October is a magical month.  The leaves die and float to the ground revealing the skeletal arms of the trees.  Soon a walk around the block will echo with the crunch and crackle of the leaves under foot.  The night creeps in earlier and the moon always seems brighter.  Scarecrows adorn the lawns and the straw arms billow from the gales, stretching out to catch a person as he walks by their perch.

Colorful mums sprout from the ground and grow fuller each day.  The color of the leaves on the grass blend with the mums.  Pumpkins and Jack ‘o lanterns burst with color in a graying world.  Ghosts stories float to children’s ears, scaring them a little bit more until they cry out for the storyteller to stop.

In a few weeks. children dressed as cowboys, princesses, and monsters get to willingly approach strangers and ask them for candy.  Witches will cackle flying on their brooms overhead.  Scary moans and laughter, rattling chains, and haunting  music will swirl around and fill the night with spooky noises.

I can remember walking Brigs during October and always being thankful that he was a large dog.  Even though I knew I was perfectly safe, the hairs would stand up on the back of my neck.  Sounds would echo down the street and seem to be surrounding us at the same time.  I could feel eyes watching us.  I was sure of it and so I stuck close to Brigs.  I knew he would protect me.  This is the first autumn without him here to bring me comfort as the nor’easter ghosts settle in for the winter again.

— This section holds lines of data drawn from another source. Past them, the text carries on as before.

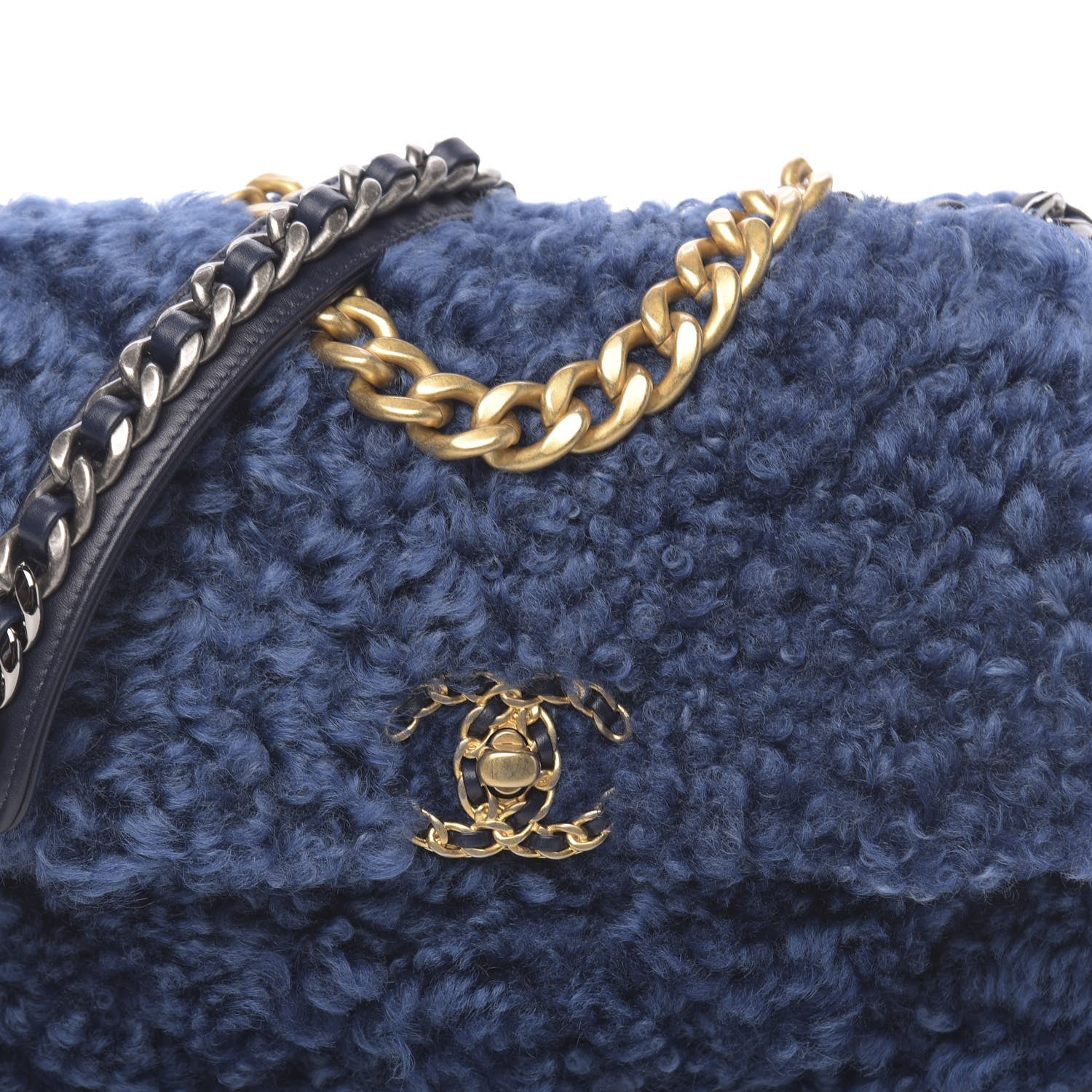 Chanel Shearling Sheepskin Medium 19 Flap Blue 10 of 10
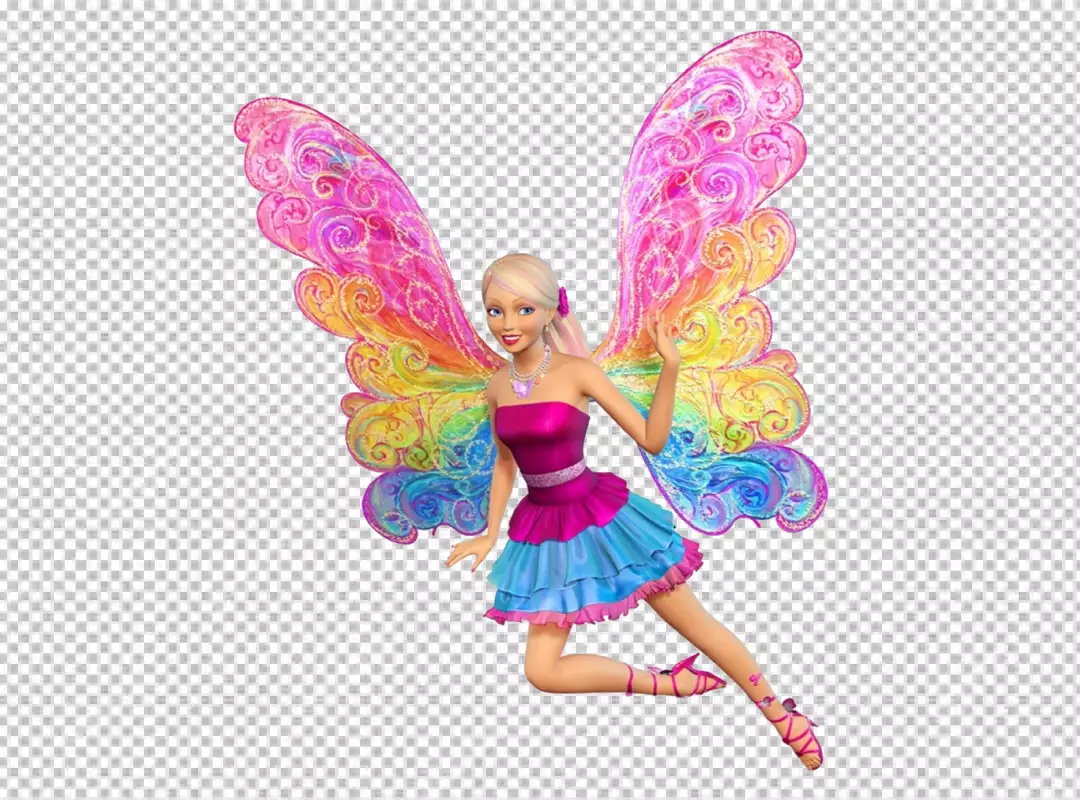 Free Premium PNG Barbie doll in the form of a vibrant and fantastical fairy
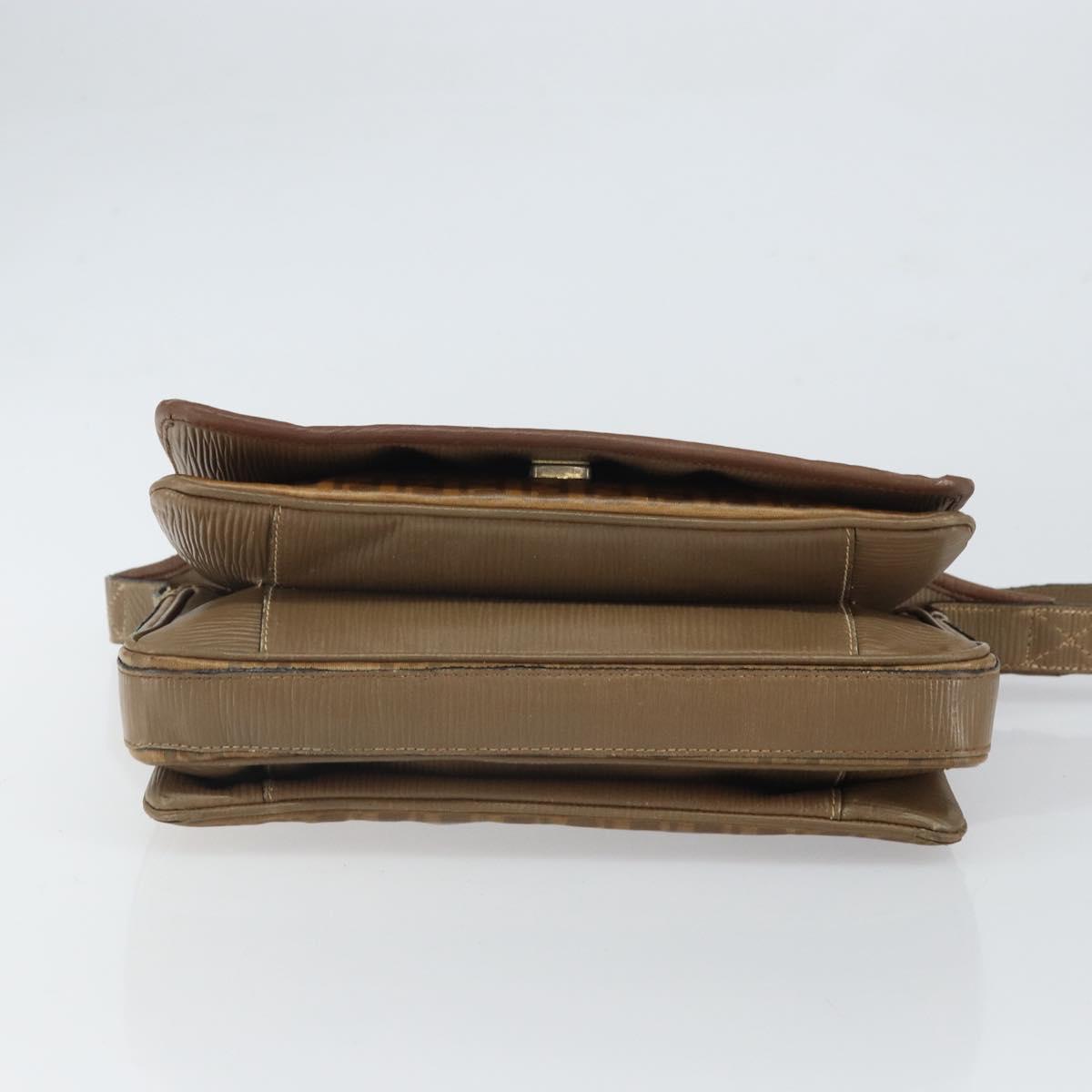 FENDI Zucchino Canvas Shoulder Bag Brown Auth kk605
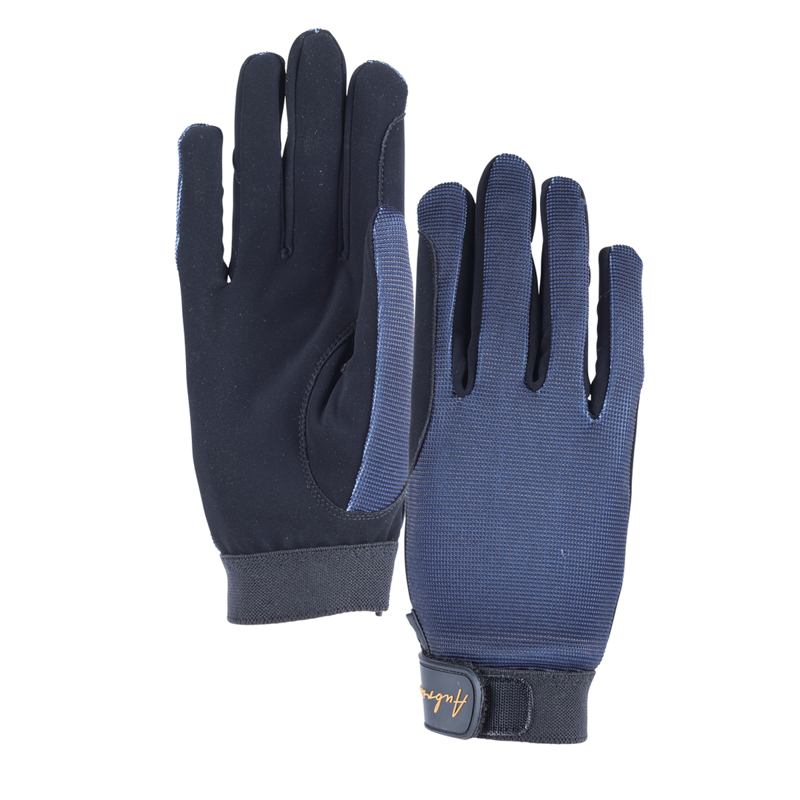 Aubrion Young Rider Team Mesh Gloves - Navy Blue-2
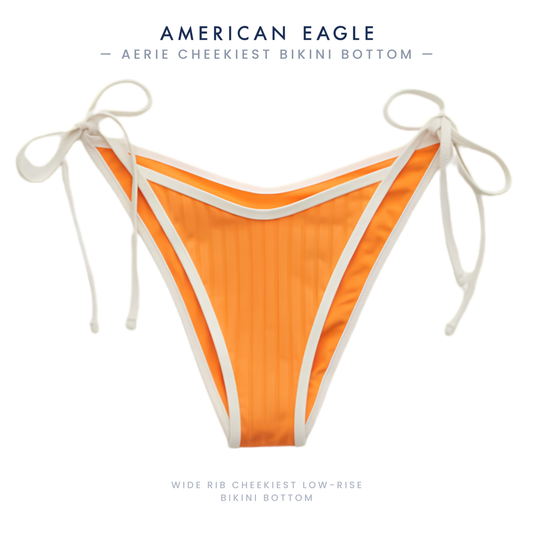 Aerie Wide Rib Low Rise Tie Cheekiest Bikini Bottom, Peach & White Striped — NWT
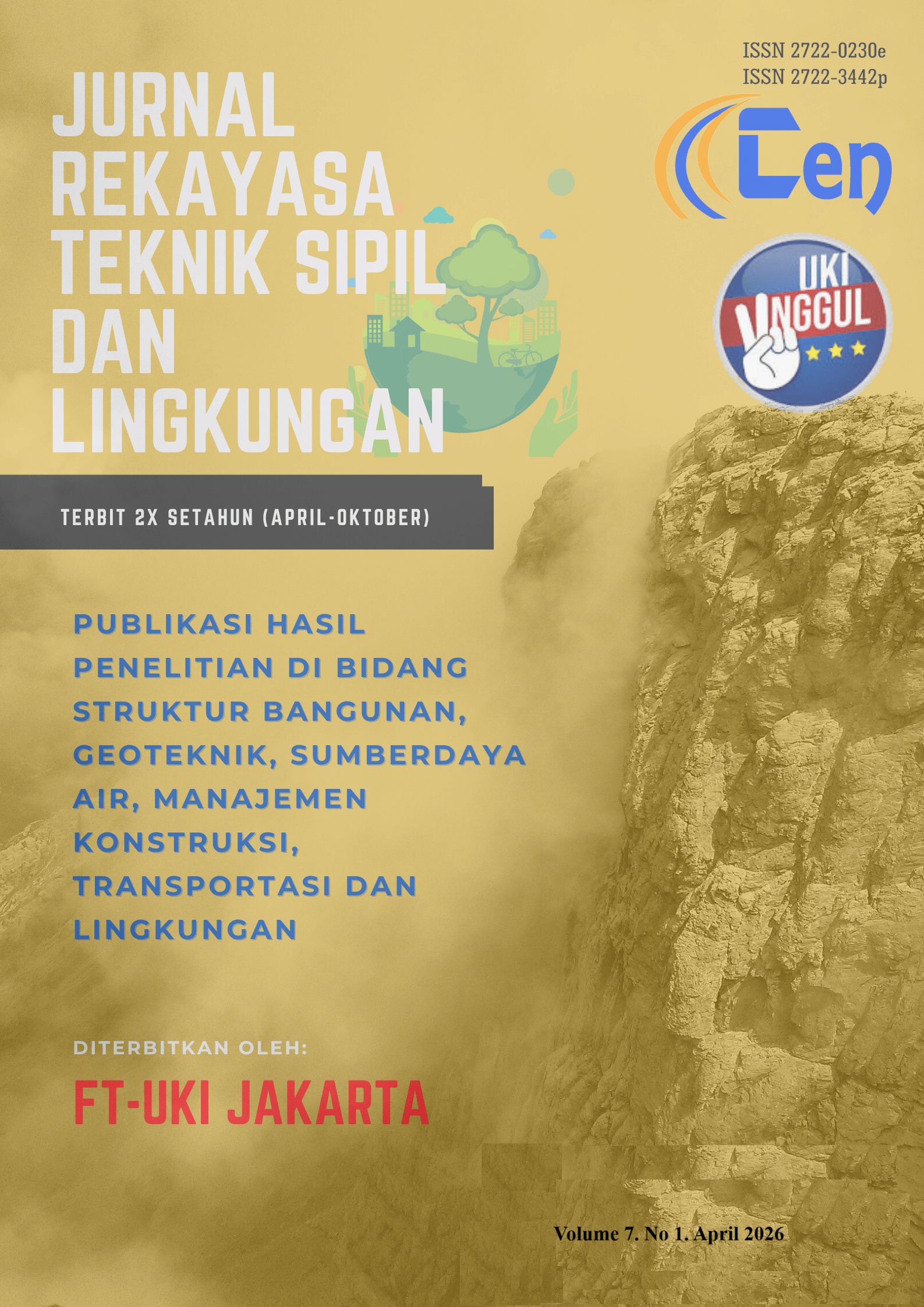 					View Vol. 7 No. 1 (2026): Vol. 7 No. 1 (2026): Jurnal Rekayasa Teknik Sipil dan Lingkungan, APRIL 2026, ISSN 2722-0230 (Online)
				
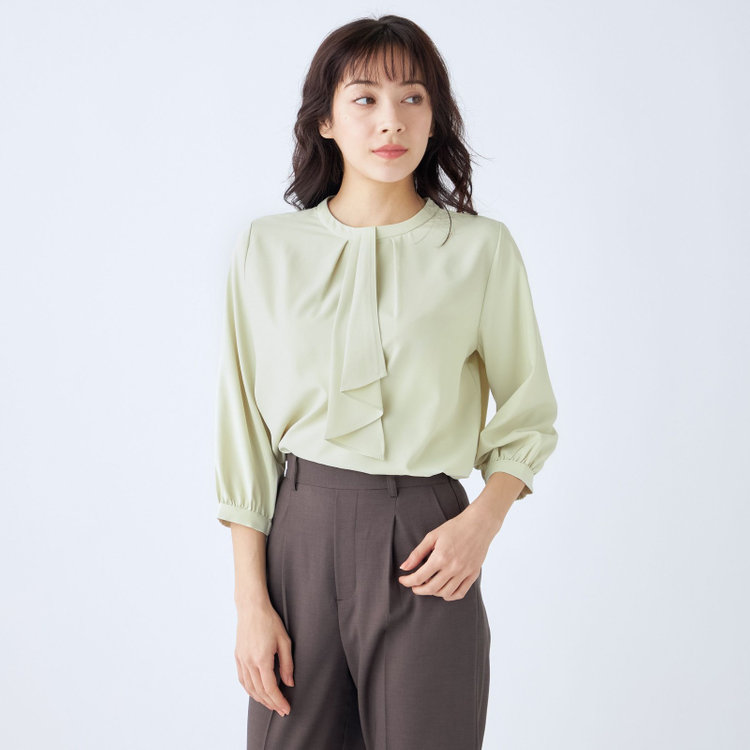 シルバーライン 【SILVER LINE/7分袖】タイ付き2WAYプルオーバー/グリーン/「ウォッシャブル可能」「2WAYストレッチ」「防シワ」「UV加工」「接触冷感」「透け軽減」 緑中間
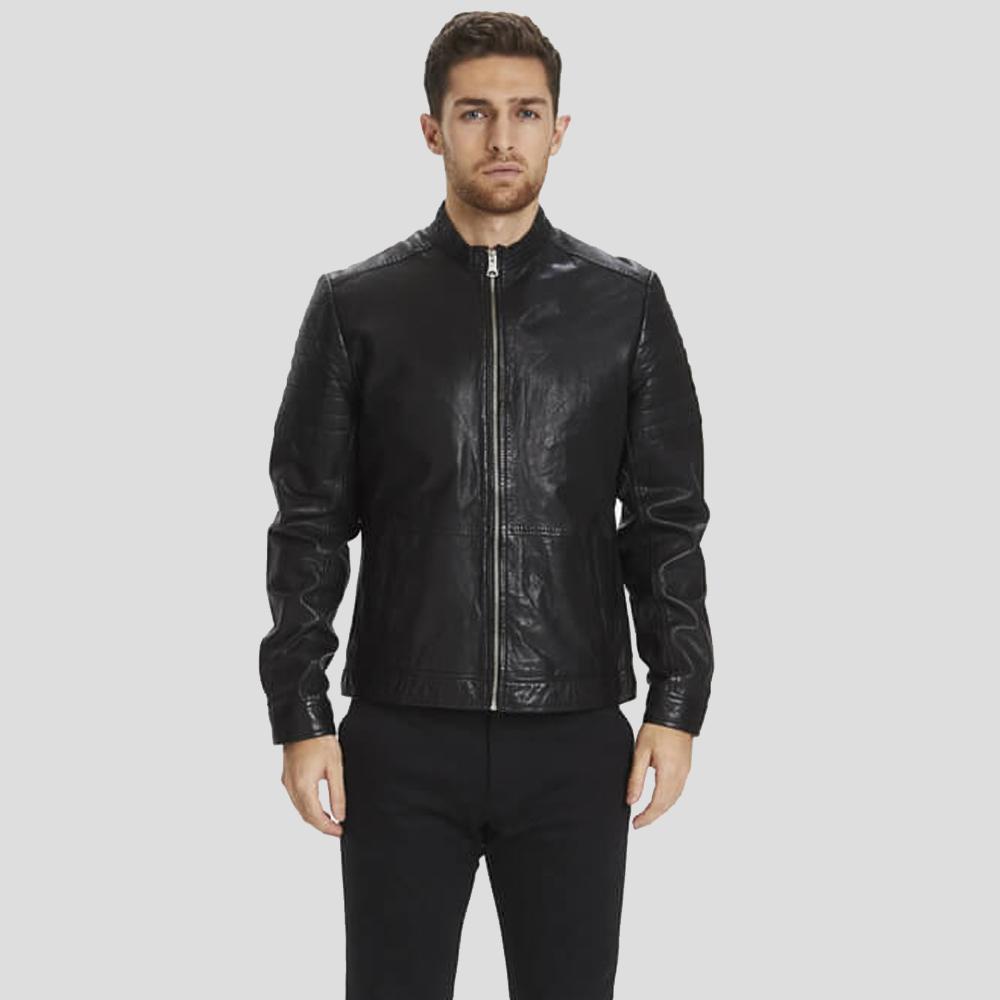 Troy Black Racer Leather Jacket - Shearling leather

Oh, I love the autumn.  I love ghost stories.  I love the look of the fog and the sounds of the wind and the leaves.  I love the smell of the wood burning in fireplaces to warm the homes with glowing windows as we all settle in for the cold.  A lot of Uncle Stevie to read in the coming months.  Old tales that are good friends that help to keep one warm during the winter months.  And to help keep the ghosts at bay.  Even as the gales blow around the house.